→ **Assignment**:
Apart from the images, output the data below exactly.

→ **Material shown**:
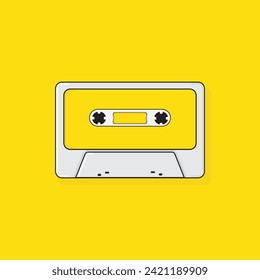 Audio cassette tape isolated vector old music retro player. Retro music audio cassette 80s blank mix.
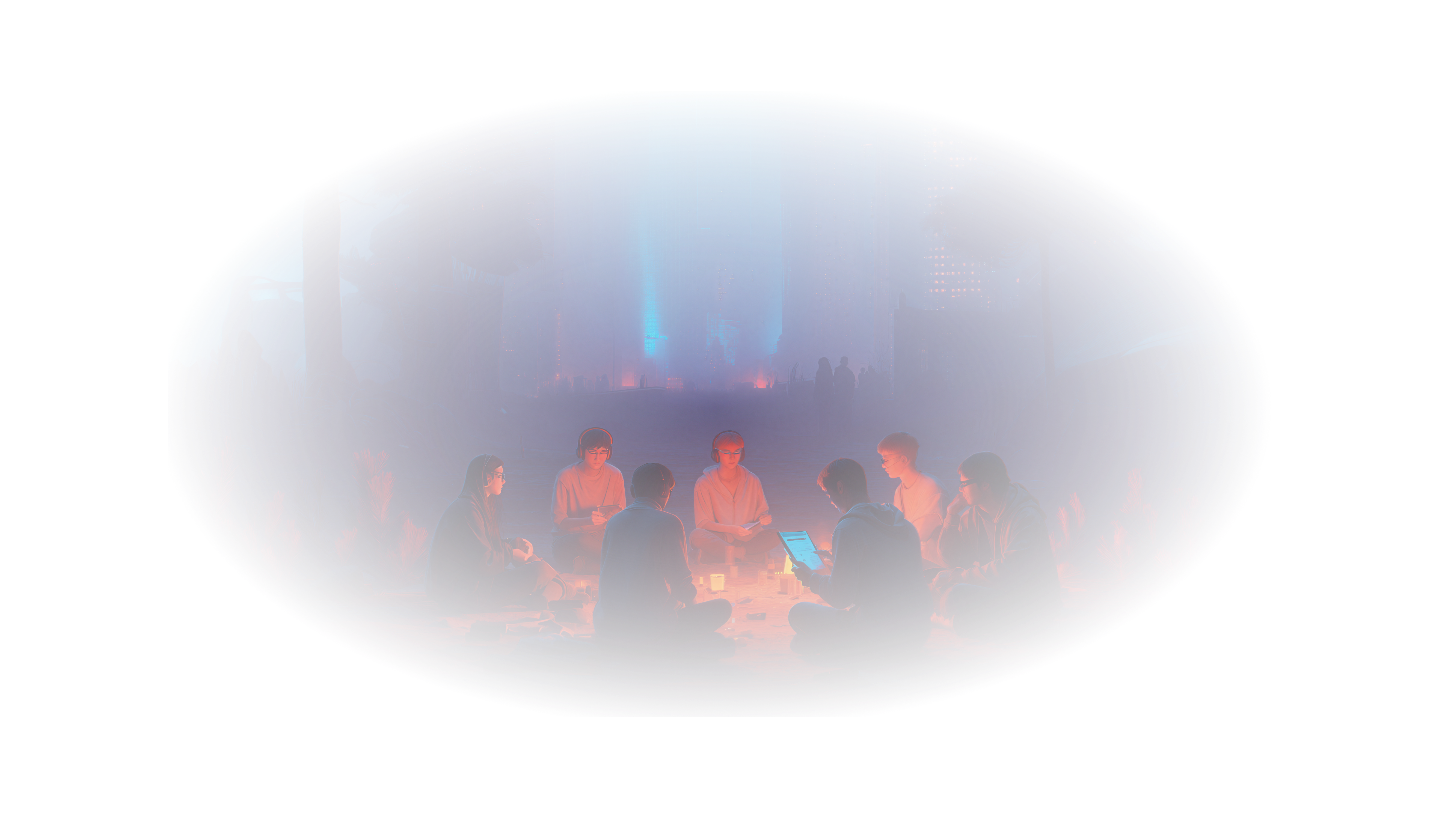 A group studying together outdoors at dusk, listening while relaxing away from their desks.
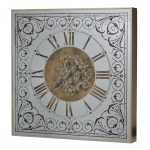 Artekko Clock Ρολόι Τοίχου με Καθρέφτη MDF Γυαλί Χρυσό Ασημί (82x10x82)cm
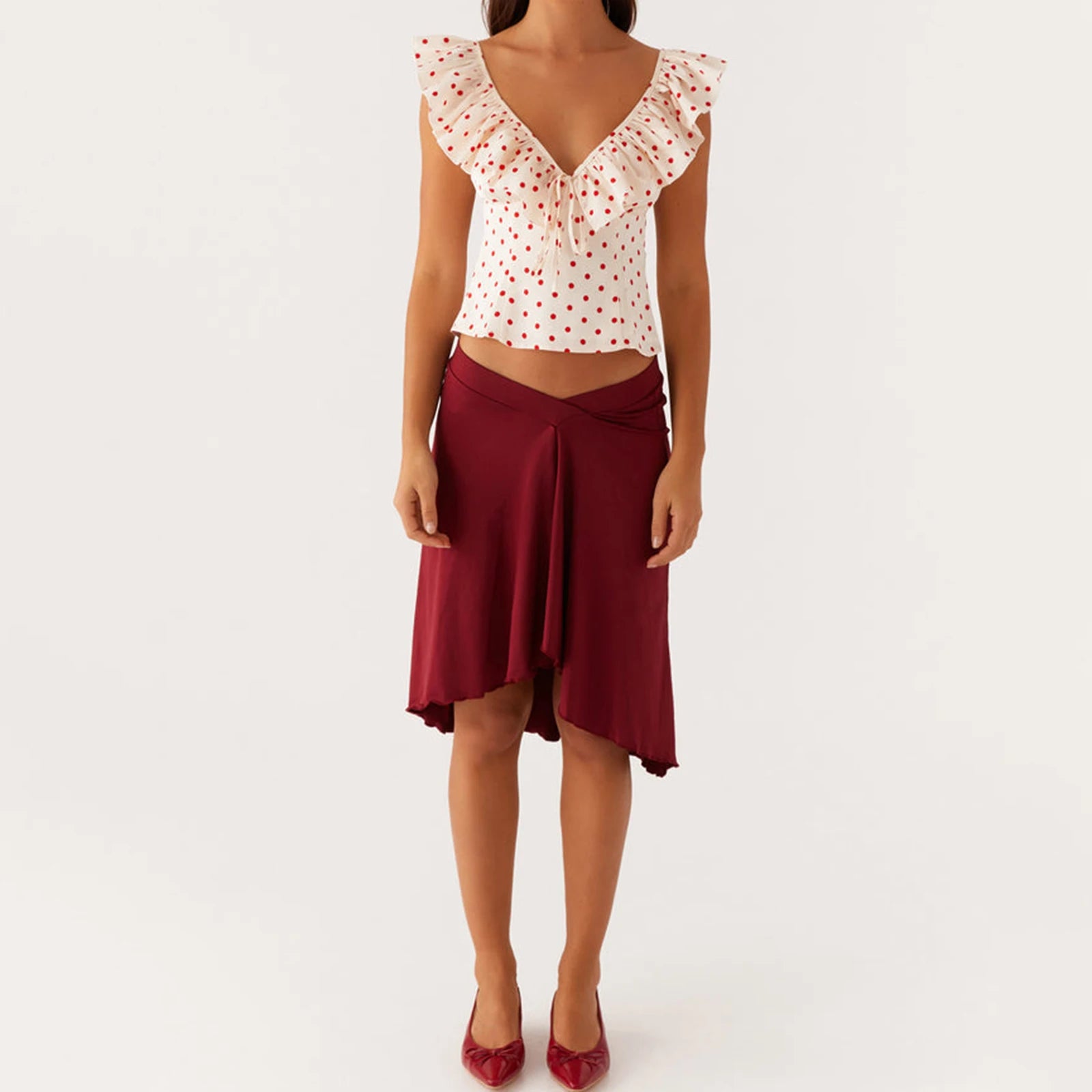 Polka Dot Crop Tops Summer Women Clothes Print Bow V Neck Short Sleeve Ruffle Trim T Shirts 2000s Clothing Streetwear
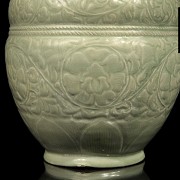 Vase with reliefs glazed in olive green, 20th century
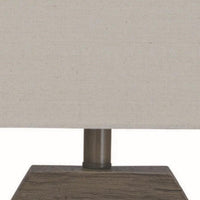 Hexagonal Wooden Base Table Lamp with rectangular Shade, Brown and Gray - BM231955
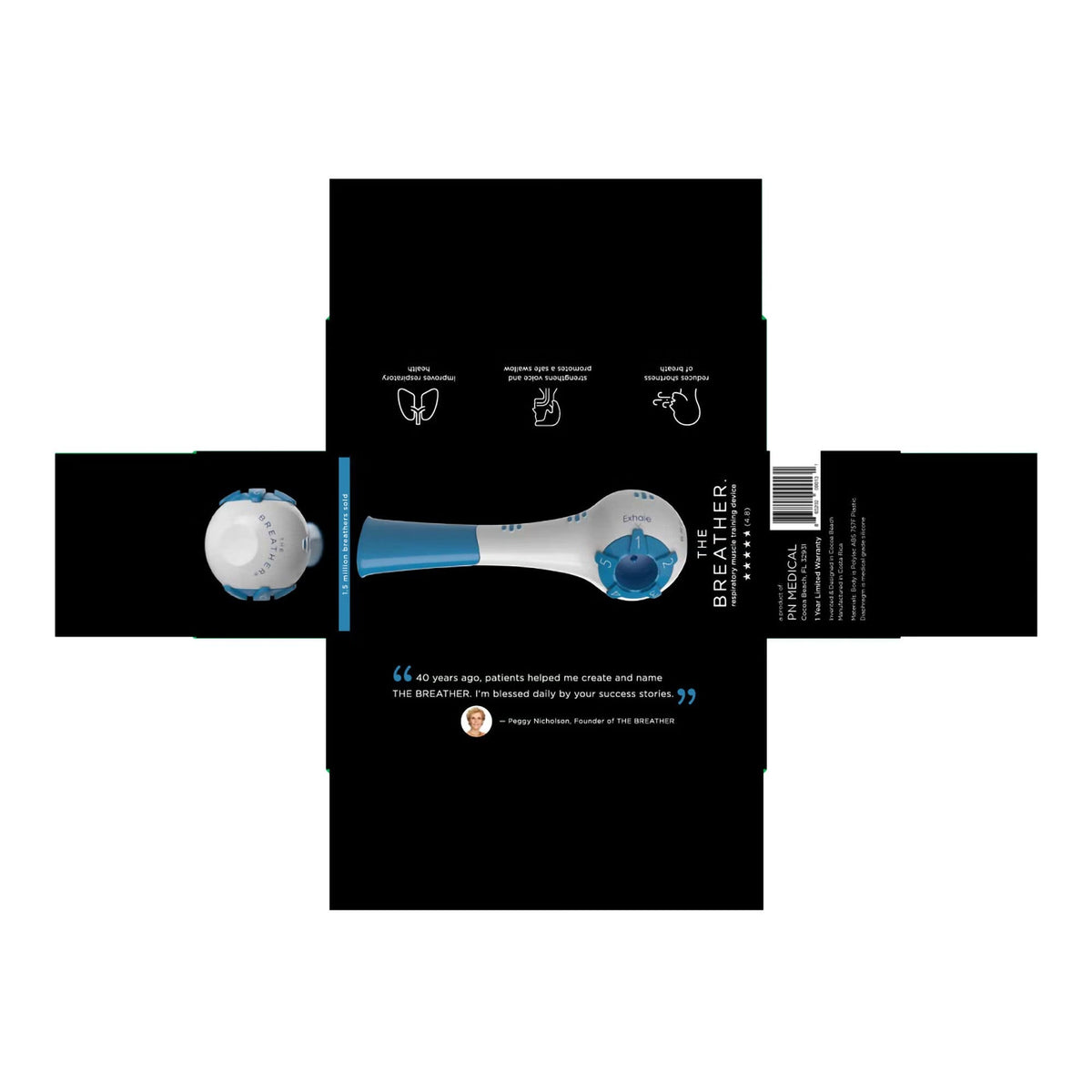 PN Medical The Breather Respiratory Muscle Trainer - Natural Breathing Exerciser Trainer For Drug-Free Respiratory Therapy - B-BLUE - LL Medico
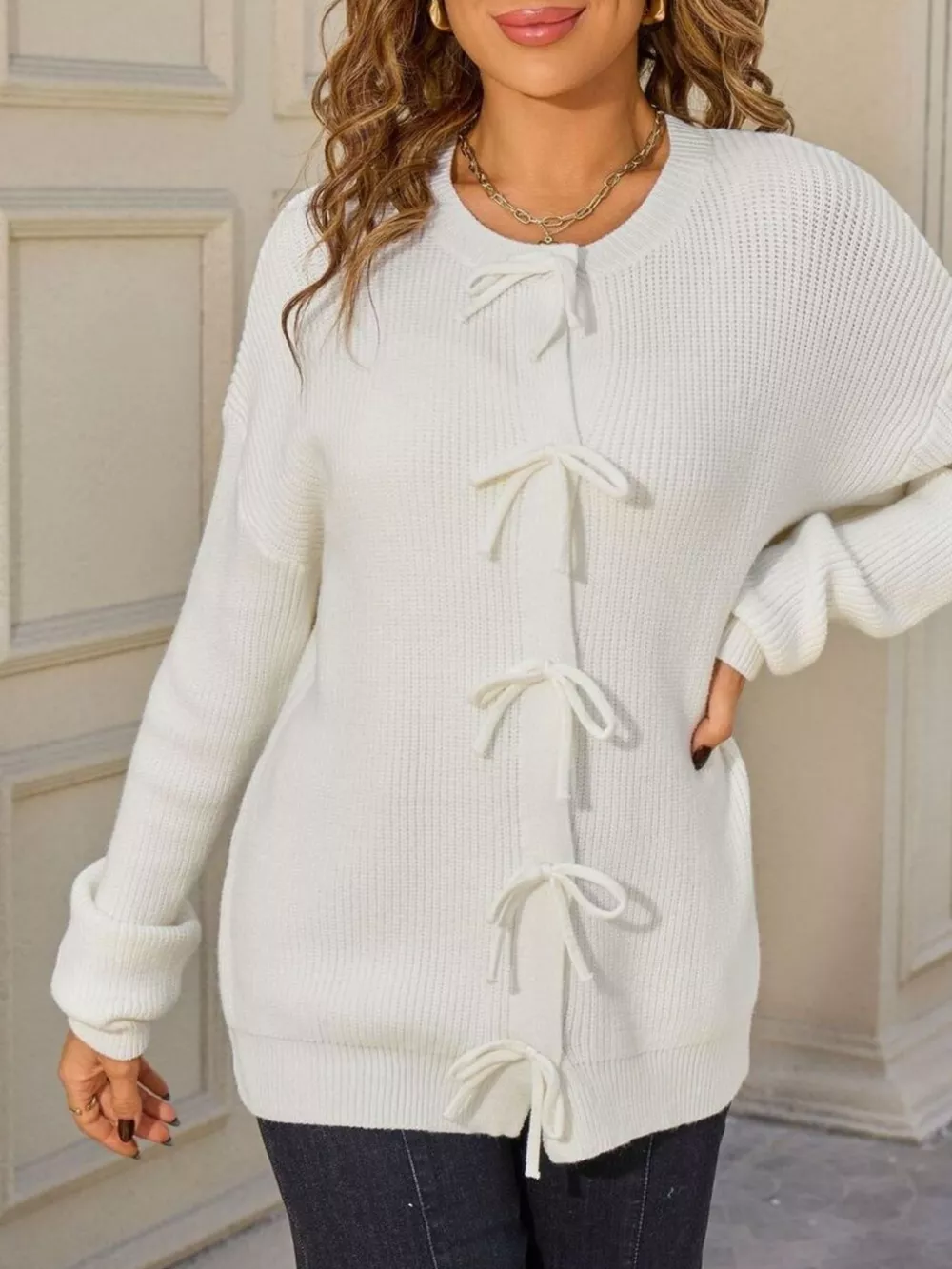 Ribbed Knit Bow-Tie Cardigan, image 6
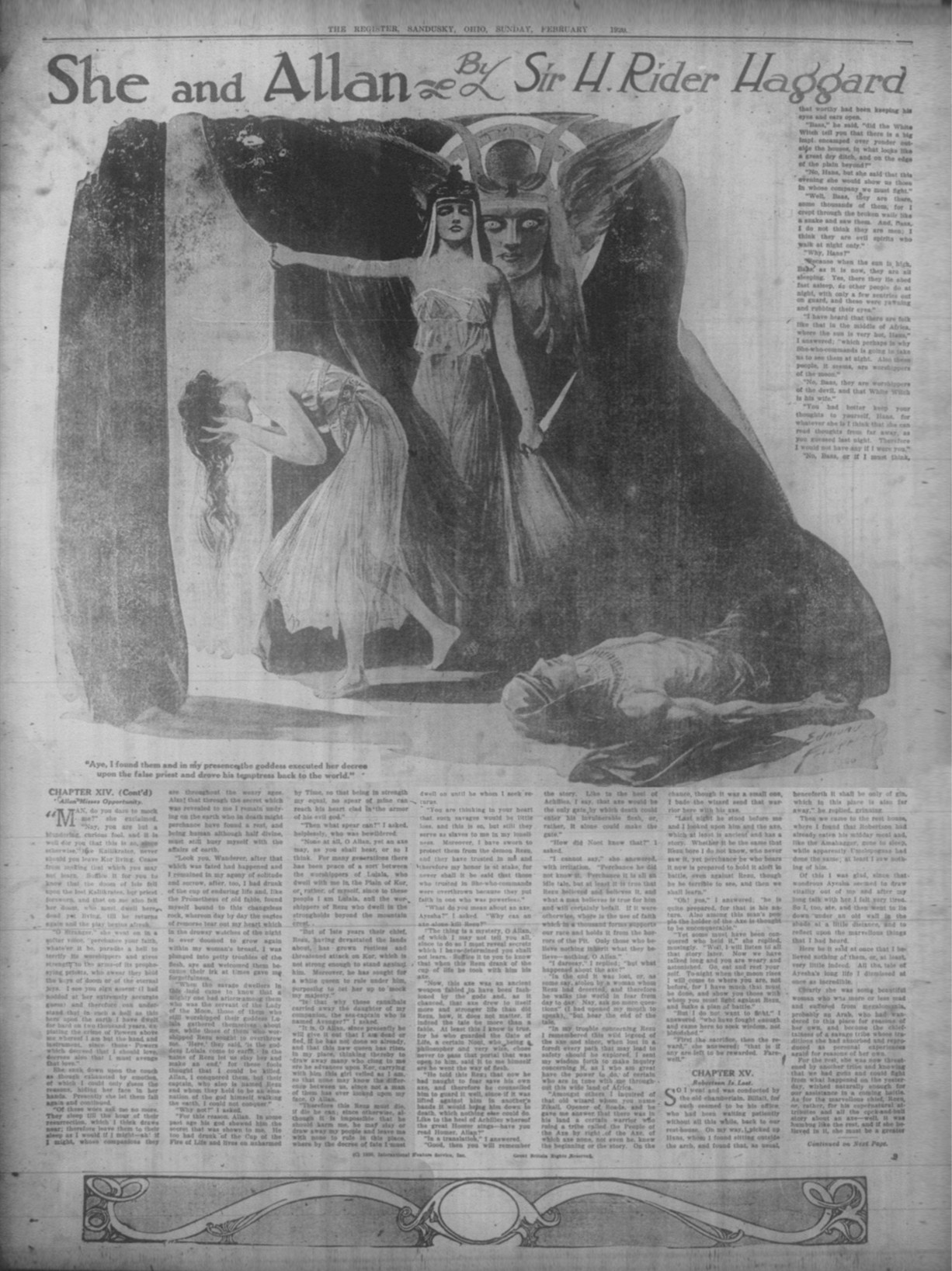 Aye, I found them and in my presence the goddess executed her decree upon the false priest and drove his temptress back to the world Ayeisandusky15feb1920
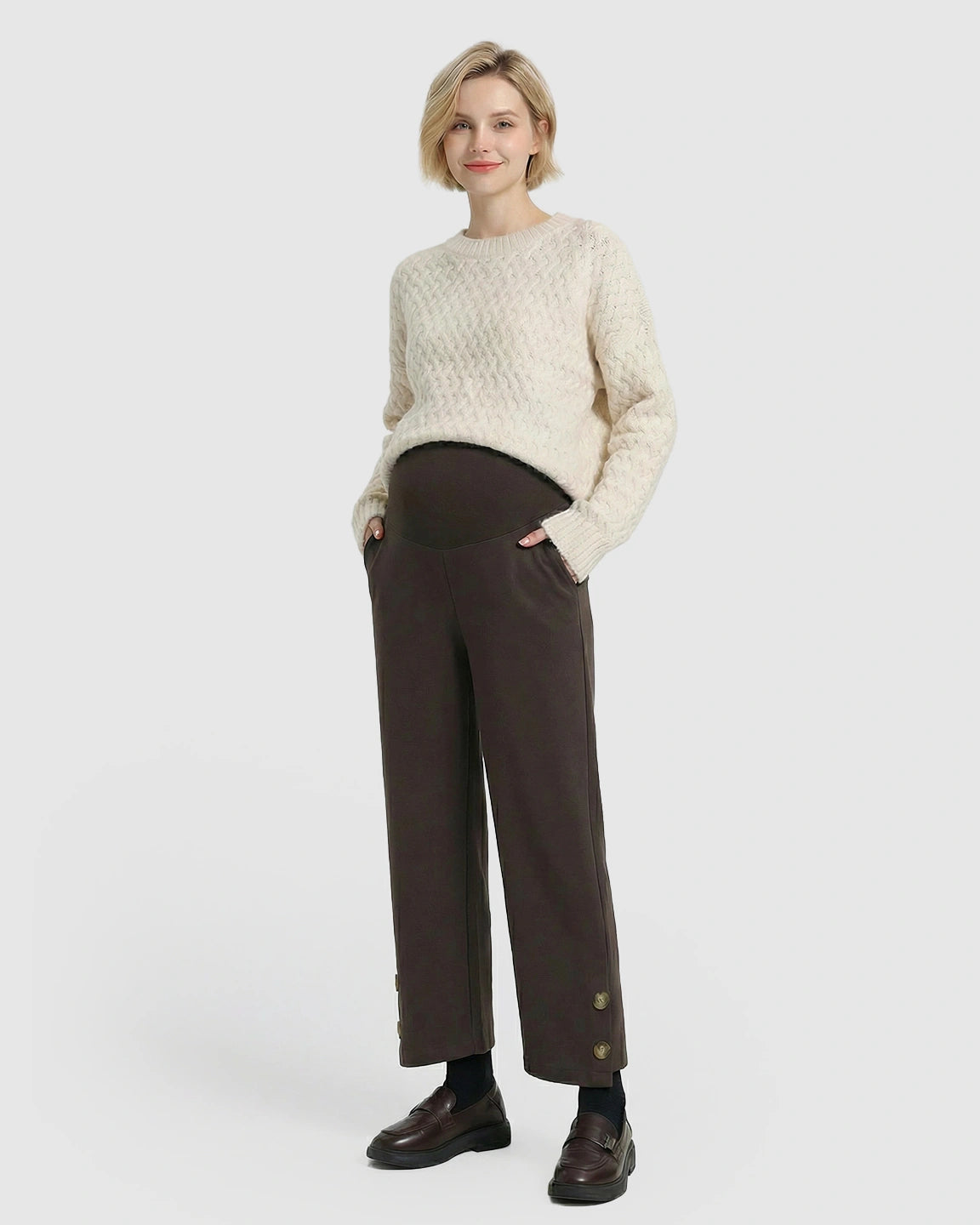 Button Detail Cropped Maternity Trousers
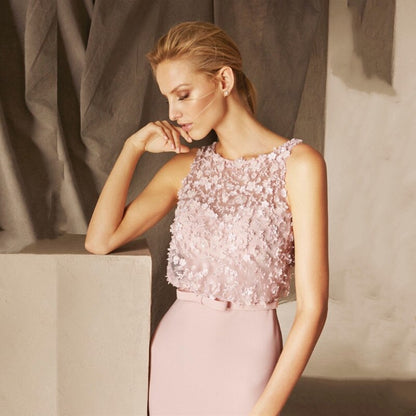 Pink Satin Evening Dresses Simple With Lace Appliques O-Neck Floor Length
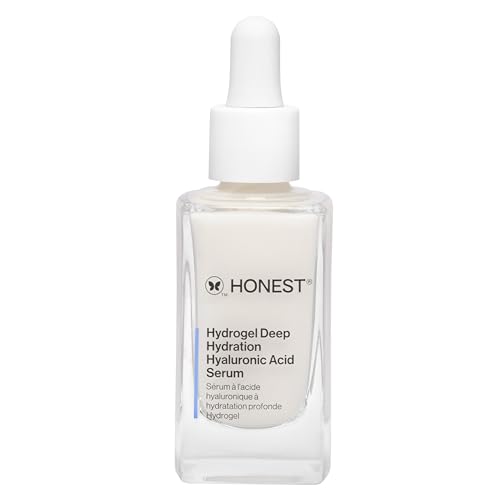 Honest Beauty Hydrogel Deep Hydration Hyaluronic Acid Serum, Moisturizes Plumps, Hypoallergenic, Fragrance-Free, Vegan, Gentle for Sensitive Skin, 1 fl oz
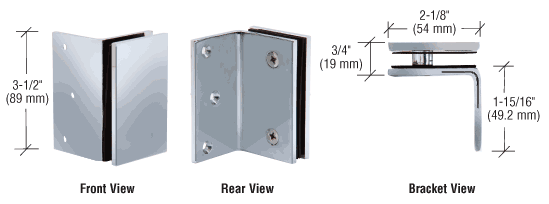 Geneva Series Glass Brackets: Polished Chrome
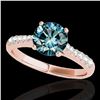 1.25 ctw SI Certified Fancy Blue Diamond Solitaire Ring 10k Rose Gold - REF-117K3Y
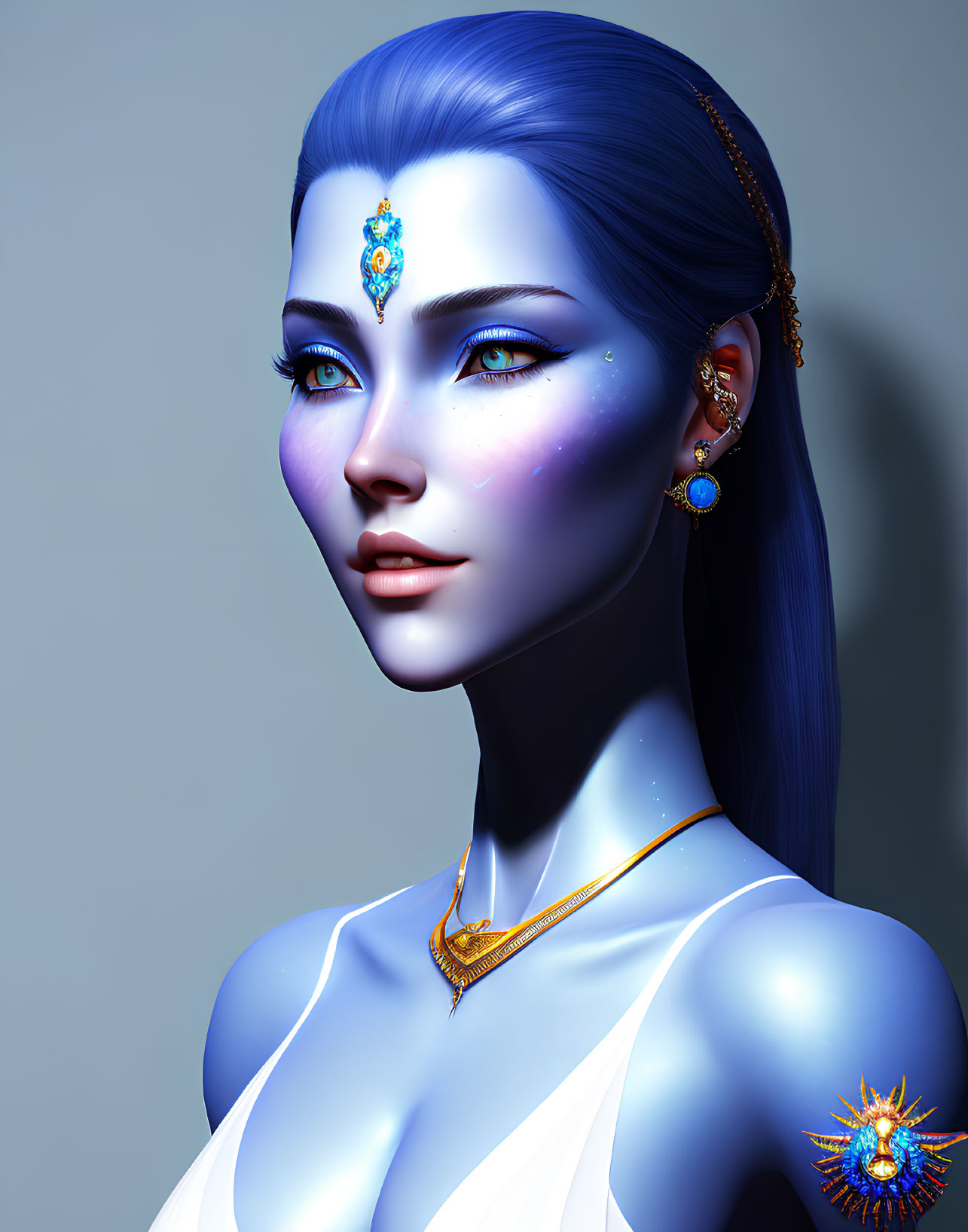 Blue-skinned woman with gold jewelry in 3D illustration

→ **Solved exercise**:
 Audio cassette tape isolated vector old music retro player. Retro music audio cassette 80s blank mix.
 A group studying together outdoors at dusk, listening while relaxing away from their desks.
 Artekko Clock Ρολόι Τοίχου με Καθρέφτη MDF Γυαλί Χρυσό Ασημί (82x10x82)cm
 Polka Dot Crop Tops Summer Women Clothes Print Bow V Neck Short Sleeve Ruffle Trim T Shirts 2000s Clothing Streetwear
 Vase with reliefs glazed in olive green, 20th century
 Hexagonal Wooden Base Table Lamp with rectangular Shade, Brown and Gray - BM231955
 PN Medical The Breather Respiratory Muscle Trainer - Natural Breathing Exerciser Trainer For Drug-Free Respiratory Therapy - B-BLUE - LL Medico
 Ribbed Knit Bow-Tie Cardigan, image 6
 Aye, I found them and in my presence the goddess executed her decree upon the false priest and drove his temptress back to the world Ayeisandusky15feb1920
 Button Detail Cropped Maternity Trousers
 Pink Satin Evening Dresses Simple With Lace Appliques O-Neck Floor Length
 Honest Beauty Hydrogel Deep Hydration Hyaluronic Acid Serum, Moisturizes Plumps, Hypoallergenic, Fragrance-Free, Vegan, Gentle for Sensitive Skin, 1 fl oz
 Geneva Series Glass Brackets: Polished Chrome
 1.25 ctw SI Certified Fancy Blue Diamond Solitaire Ring 10k Rose Gold - REF-117K3Y
 Blue-skinned woman with gold jewelry in 3D illustration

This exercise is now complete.